The six horizontal ones are all fixed and yield a surplus of two odd numbers.

Out of the 4 vertical ones A4..J4 and B9..D9 are fixed with a neutral result. So the remaining two (A5..C5 and G7..J7) need to be odd to match the horizontal surplus.

Those conditions are very rare. But the oddness can be regarded as a standard distributional tool like settis and wings. There are no street interactions ("look around the corner") involved, which is the case in the first example (#247).

2. The point of view that black cell clues count towards settis is a bit risky (at leasr my solver would mess up). IMHO it is not forbidden to have such a clue more than once in a line. In example 2 there could be the digit 1 also in E9 in addition to E5.

Thank you for your feedback.

I've only had time to consider point 2 so far: You're right: I didn't think of the (evil!) possibility of a puzzle creator adding the same white-on-black-clue twice in a row or column. In that case counting the clues towards settis would only work if they were counted two/three/... times in rows/cols where they appear two/three/... times. Counting them as missing would work correctly.

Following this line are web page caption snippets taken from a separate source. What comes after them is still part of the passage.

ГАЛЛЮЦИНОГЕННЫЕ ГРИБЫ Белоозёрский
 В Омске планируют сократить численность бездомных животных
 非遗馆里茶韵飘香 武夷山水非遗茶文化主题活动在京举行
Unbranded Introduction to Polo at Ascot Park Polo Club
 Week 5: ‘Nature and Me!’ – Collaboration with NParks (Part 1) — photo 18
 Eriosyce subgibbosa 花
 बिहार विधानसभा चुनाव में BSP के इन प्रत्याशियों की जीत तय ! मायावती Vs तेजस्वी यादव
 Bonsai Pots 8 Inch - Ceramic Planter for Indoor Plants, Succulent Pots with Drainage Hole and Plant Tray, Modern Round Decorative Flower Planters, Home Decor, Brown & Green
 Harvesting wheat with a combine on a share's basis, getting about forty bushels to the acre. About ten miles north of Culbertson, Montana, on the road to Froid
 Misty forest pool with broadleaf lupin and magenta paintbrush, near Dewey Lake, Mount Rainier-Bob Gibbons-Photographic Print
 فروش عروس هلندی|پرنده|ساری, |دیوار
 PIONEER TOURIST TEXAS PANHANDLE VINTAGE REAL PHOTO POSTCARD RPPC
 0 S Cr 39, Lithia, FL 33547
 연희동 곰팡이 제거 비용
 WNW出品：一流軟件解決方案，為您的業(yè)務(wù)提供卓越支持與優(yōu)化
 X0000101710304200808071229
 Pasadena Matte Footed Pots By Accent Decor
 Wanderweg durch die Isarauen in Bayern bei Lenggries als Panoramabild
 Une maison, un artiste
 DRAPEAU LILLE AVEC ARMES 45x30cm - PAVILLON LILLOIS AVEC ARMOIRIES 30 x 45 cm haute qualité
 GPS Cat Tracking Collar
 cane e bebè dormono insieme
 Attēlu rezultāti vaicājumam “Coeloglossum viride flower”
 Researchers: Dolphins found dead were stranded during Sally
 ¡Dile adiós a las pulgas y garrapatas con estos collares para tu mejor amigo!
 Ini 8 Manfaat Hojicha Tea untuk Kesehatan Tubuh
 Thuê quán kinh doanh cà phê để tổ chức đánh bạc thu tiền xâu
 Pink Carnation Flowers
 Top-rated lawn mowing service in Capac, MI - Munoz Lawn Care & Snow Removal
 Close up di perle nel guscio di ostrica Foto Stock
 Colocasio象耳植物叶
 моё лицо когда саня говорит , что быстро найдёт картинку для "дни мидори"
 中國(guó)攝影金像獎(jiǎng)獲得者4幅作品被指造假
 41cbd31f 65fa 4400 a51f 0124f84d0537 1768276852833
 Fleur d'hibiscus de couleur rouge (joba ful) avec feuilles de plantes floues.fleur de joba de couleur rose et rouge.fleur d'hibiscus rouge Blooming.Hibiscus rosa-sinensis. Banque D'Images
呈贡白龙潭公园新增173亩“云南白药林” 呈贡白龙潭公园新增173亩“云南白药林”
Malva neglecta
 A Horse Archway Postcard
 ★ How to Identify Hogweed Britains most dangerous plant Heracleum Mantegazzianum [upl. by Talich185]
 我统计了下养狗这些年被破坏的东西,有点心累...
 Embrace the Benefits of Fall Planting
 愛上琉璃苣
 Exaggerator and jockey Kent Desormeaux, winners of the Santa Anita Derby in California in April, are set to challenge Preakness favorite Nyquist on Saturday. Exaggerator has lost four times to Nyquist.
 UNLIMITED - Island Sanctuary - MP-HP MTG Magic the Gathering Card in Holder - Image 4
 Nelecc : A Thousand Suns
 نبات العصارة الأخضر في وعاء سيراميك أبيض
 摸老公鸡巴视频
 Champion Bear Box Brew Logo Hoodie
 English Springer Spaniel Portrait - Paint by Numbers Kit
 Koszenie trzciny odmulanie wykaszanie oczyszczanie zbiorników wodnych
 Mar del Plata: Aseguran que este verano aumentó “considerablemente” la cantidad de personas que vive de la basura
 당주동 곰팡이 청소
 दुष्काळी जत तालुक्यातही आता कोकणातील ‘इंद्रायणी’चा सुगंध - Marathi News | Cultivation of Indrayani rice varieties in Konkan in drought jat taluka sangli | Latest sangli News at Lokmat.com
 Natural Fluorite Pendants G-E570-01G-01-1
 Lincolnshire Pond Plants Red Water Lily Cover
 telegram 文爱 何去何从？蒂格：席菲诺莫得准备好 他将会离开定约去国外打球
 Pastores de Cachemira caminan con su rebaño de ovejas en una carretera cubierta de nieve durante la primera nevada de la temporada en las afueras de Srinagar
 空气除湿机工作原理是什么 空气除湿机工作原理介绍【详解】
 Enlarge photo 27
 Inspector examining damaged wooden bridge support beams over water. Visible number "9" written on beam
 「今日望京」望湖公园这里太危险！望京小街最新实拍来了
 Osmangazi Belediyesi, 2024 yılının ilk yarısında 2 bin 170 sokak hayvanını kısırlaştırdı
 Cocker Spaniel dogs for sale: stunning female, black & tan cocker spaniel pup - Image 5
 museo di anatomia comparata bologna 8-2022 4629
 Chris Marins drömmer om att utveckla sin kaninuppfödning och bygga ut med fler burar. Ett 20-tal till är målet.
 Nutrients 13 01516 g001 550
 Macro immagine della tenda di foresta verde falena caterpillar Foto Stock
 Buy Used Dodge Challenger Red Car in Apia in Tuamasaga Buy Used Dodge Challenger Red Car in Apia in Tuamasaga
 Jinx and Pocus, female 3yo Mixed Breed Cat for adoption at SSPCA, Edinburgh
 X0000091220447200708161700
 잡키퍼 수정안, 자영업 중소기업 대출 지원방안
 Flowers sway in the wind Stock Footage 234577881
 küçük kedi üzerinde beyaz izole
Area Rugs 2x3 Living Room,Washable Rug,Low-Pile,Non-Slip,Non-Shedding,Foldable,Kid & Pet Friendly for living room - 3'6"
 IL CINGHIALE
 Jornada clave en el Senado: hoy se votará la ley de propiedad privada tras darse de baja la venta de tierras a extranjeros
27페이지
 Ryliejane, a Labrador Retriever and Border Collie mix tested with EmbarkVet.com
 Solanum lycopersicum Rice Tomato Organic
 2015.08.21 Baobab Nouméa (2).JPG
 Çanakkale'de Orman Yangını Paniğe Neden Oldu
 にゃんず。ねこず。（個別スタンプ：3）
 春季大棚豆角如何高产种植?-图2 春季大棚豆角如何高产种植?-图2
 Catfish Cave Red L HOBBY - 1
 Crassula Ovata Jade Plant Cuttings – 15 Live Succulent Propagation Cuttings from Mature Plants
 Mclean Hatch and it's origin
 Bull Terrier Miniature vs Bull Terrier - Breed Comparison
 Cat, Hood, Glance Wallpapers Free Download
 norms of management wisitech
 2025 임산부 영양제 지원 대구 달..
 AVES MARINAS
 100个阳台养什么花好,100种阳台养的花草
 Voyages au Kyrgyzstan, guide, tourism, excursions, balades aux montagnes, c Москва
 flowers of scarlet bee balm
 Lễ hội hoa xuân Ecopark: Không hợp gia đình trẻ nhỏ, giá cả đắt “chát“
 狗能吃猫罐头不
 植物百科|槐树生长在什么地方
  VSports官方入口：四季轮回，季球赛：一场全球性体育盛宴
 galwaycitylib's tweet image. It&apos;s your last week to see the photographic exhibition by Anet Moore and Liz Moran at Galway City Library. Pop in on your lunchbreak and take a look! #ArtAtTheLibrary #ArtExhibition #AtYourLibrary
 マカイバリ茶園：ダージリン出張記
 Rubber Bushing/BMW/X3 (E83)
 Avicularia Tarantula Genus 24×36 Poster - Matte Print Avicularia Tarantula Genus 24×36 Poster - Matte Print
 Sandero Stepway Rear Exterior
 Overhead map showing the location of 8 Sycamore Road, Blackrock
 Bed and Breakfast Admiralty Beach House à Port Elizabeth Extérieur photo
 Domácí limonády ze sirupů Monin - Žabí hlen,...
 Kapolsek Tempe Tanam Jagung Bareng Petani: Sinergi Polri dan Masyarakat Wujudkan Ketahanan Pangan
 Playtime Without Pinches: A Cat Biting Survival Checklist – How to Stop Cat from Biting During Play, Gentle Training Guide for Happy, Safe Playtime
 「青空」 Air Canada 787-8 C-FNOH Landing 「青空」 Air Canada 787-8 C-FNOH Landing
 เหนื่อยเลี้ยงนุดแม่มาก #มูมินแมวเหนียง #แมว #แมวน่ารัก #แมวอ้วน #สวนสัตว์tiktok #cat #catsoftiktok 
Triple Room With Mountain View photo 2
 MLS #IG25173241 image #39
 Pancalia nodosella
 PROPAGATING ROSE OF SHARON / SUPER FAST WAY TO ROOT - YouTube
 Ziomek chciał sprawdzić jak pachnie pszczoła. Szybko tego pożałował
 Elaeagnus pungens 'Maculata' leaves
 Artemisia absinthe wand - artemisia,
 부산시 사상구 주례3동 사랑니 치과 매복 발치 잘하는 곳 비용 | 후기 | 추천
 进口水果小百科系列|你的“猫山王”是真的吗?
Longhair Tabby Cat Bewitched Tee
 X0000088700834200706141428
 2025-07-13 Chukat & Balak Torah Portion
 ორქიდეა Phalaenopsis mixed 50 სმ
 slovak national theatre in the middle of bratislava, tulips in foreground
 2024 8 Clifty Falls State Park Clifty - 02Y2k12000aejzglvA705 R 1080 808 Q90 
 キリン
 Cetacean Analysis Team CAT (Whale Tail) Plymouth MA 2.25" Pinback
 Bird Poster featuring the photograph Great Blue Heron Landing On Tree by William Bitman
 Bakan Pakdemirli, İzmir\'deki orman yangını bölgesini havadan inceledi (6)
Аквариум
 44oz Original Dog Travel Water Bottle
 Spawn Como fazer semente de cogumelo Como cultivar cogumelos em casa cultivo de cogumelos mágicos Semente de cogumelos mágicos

However: In a BCA analysis both ways wouldn't work correctly, though one could repair the method "counting white-on-black-digits as missing" by counting them two/three/... times in rows/cols where they appear two/three/... times. (Writing two/three/... times the digit in red behind the row/col.)

Hm, I shall think about what to do with that. Maybe a footnote warning user's of the danger of evil puzzle creators might do the trick :-)

First of all: All examples in my tutorial are of course chosen to demonstrate something. The solutions are not about solving the puzzle the quickest way but to explain a certain strategy.

Second: I wouldn't agree that the described oddness consideration is easier or quicker than a combined setti on the even numbers, actually for me the opposite is true. I would always start with a BCA in order to get an overview about missing digits, before even thinking of doing an oddness argument. And having done the BCA the combined setti leaps to the eye and is counted much quicker than the oddness argument - but that's of course a subjective choice.

Plus I cannot really see the advantage of using an oddness argument. As I see it: If the oddness argument works a combined setti on even or odd numbers will work as well, not vice versa.

But I will modify my note that a combined setti on even/odd numbers is called an oddness argument, because I didn't know that for the latter you just look at the odd compartments and do not count the missing odd or even digits but the differences between them.